Domingos Fingo, diretor da Associação Construir Comunidades, associação local do Lubango, acompanhou a reunião e interveio sobre esta questão revelando ainda outras dificuldades, com destaque para a exploração de recursos naturais de mineração, e sobre o qual a população não recebia qualquer contrapartida social. Referiu ainda a falta de acesso à educação, sendo que 95 por cento da população não tem escola. Além disso, lembrou a dificuldade nas relações e gestão das terras comunitárias e a usurpação destas mesmas terras para fazendeiros comerciais que, não raras vezes, desembocam em detenções arbitrárias. Por último, referiu o problema de algumas fazendas serem maiores do que municípios inteiros, como acontece em Curoca.
A lei não está a ser cumprida
A lei da terra (lei 9/2004 de 9 de novembro) não está a ser cumprida. Esta lei não permite que terras comunitárias – que pertencem ao Estado e estão a usufruto das comunidades – sejam cedidas a terceiros, como é o caso dos fazendeiros comerciais, sem que as comunidades sejam consultadas e ouvidas.
Quando há lugar a cedência de terras comunitárias, deve haver contrapartidas justas e adequadas às comunidades e tal não tem acontecido. Por vezes, os fazendeiros negoceiam apenas com os Sobas e aproveitam-se da bondade destas pessoas e comunidades para as enganar com falsas promessas que depois não são cumpridas.
A atribuição de títulos de terra é feita exclusivamente pelo Ministério do Ordenamento do Território e os títulos podem ter um carácter definitivo ou temporário.
Ana Celeste Januário referiu que muitos destes títulos são temporários e foi confrontada ainda com o facto de algumas fazendas ocuparem mais terreno do que aquele que lhes foi cedido. A Secretária de Estado falou ainda de bons exemplos como o “Conselho da Terra” que, segundo a própria, foi implementado no Moxico, e do projeto “Minha Terra” para registo de terras comunitárias.

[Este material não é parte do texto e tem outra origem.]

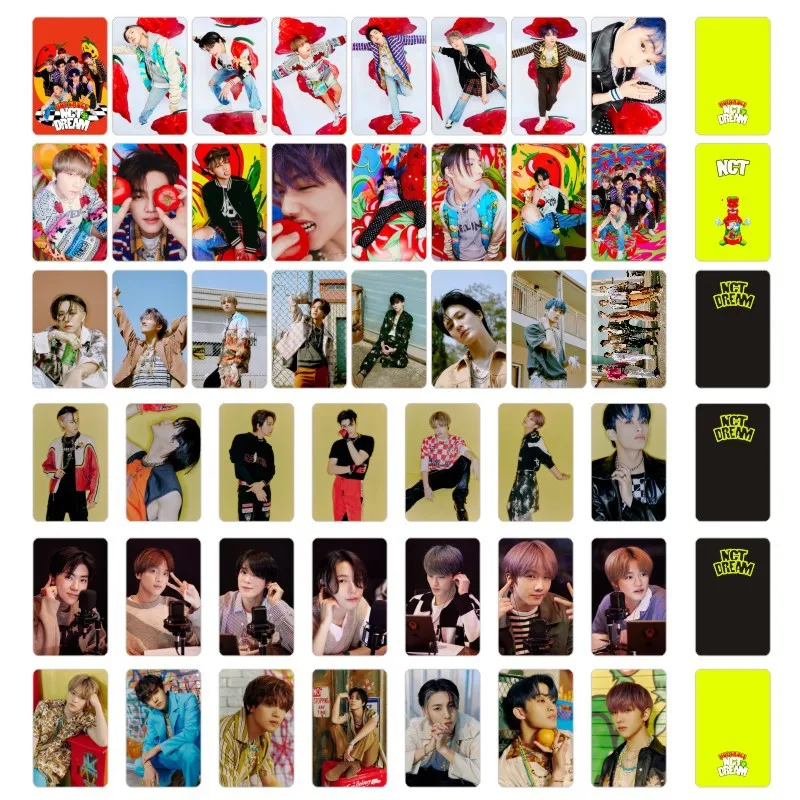  Оптовая продажа товары Kpop Idol двусторонняя печатная Фотокарта NCT Dream Hot Sauce Lomo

O governo admitiu falhar na fiscalização desta usurpação, referindo que quando as autoridades vão ao local os documentos são mostrados e os corredores de acesso são abertos, não se mantendo abertos sempre e na ausência das autoridades.
Cabe, no entanto, ao Governo a garantia da proteção dos direitos das pessoas prevista na lei.

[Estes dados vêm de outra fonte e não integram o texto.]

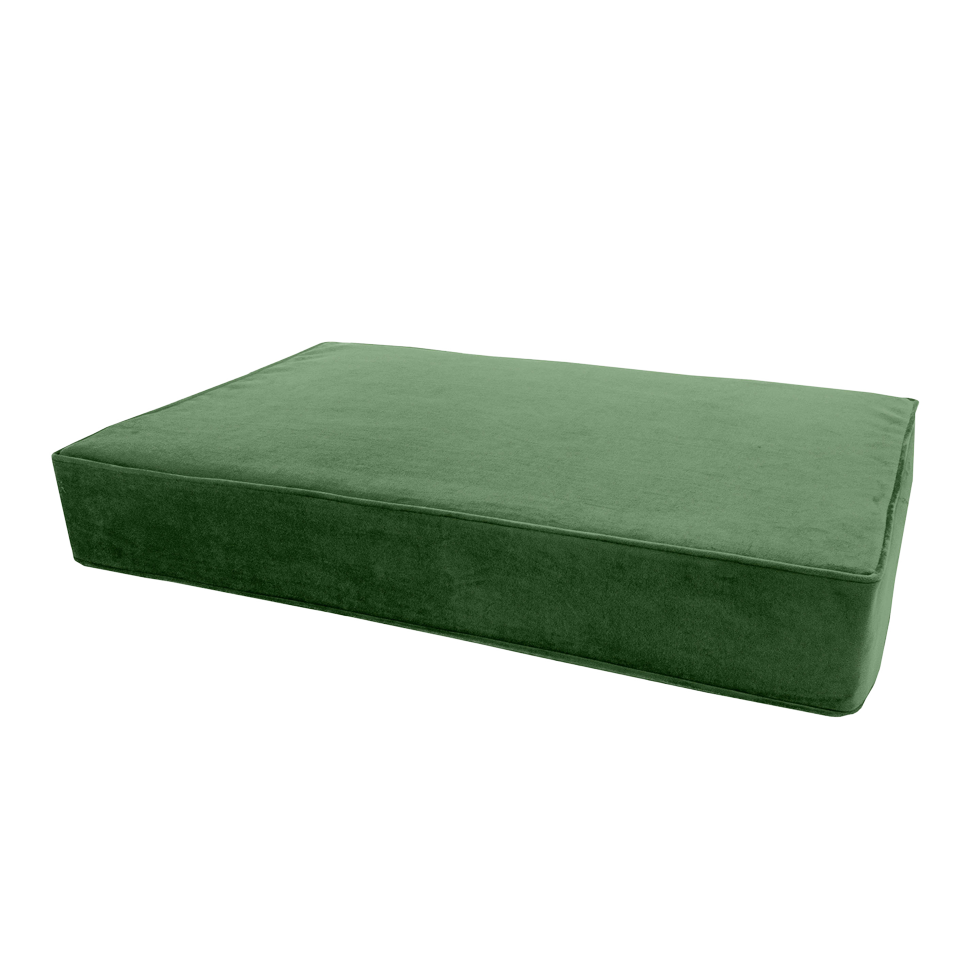 Madison Orthopedic Cushion Velvet Green S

A emergência da estiagem pela seca
Os rios e fontes de água são território público e não podem ser nem desviados nem vedado o seu acesso público – garantiu Ana Celeste Januário. De facto, é no tempo da estiagem que os problemas de acesso à água se asseveram mais e a Secretária de Estado comprometeu-se com um plano de emergência para a resolução da falta de alimento e a fome que assola a região, causada pelos problemas sobre os quais trata o relatório da Amnistia Internacional.
Negócios e Direitos Humanos
A Secretária de Estado anunciou à delegação da Amnistia Internacional que está a trabalhar para que Angola adira à iniciativa “Pacto Internacional de Negócios e Direitos Humanos” do PNUD – Programa das Nações Unidas para o Desenvolvimento a que Angola não aderiu ainda porque está a procurar 25 empresas relevantes no país, focando-se essencialmente em empresas de mineração.

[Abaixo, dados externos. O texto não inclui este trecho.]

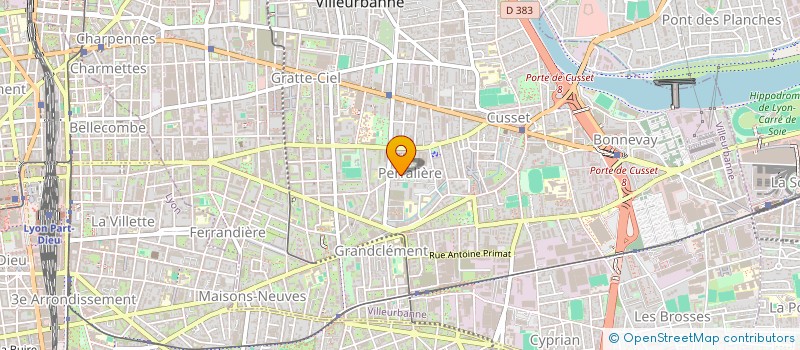 localisation de l'entreprise MONSIEUR LOUIS ROGER à VILLEURBANNE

Pediu ainda que as Organizações ajudem na vigilância das leis que protegem os direitos humanos e os procedimentos dos acordos a que o país aderiu.
Os pedidos da Amnistia Internacional
A Amnistia Internacional pediu ao governo a implementação de medidas a vários níveis.
No imediato, ajuda humanitária de emergência às populações de que fala o relatório, no Vale dos Gambos, no Lubango, e também às de outros municípios e distritos de Angola onde há carências alimentares graves devido à falta de acesso à terra e exacerbadas ainda pela seca.
Pediu também que as populações tenham reparação o quanto antes da situação que estão a sofrer. A Amnistia Internacional relembrou que há 76 mil pessoas em risco.
O governo deve ainda dar moratória de atribuição de mais terras comunitárias a fazendeiros comerciais para exploração agroindustrial e os pastores tem de ter acesso de novo às terras boas e férteis, ao pasto para o gado e à água.”